§ **Dataset section**:
···

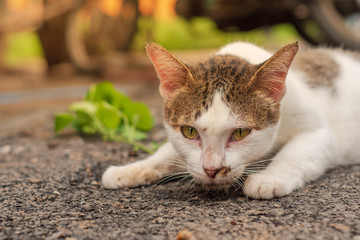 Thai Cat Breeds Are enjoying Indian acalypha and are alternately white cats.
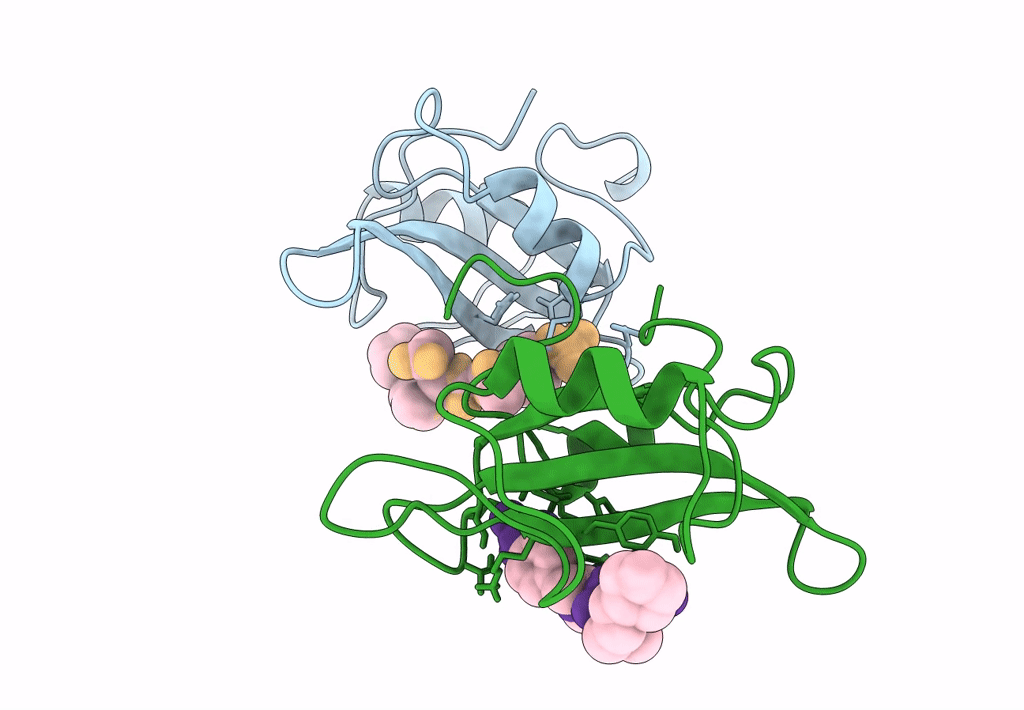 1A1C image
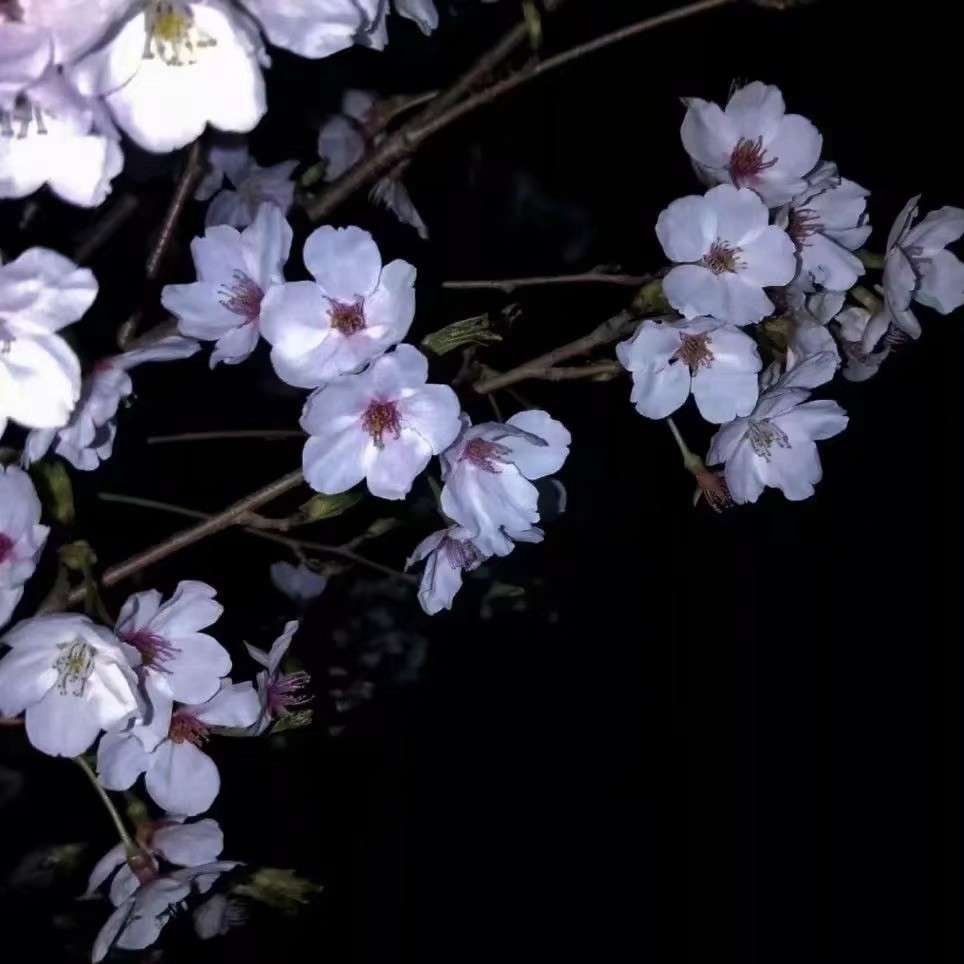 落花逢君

···

Leaving every picture aside, repeat the listing exactly.

§ **Response below**:
 Thai Cat Breeds Are enjoying Indian acalypha and are alternately white cats.
 1A1C image
 落花逢君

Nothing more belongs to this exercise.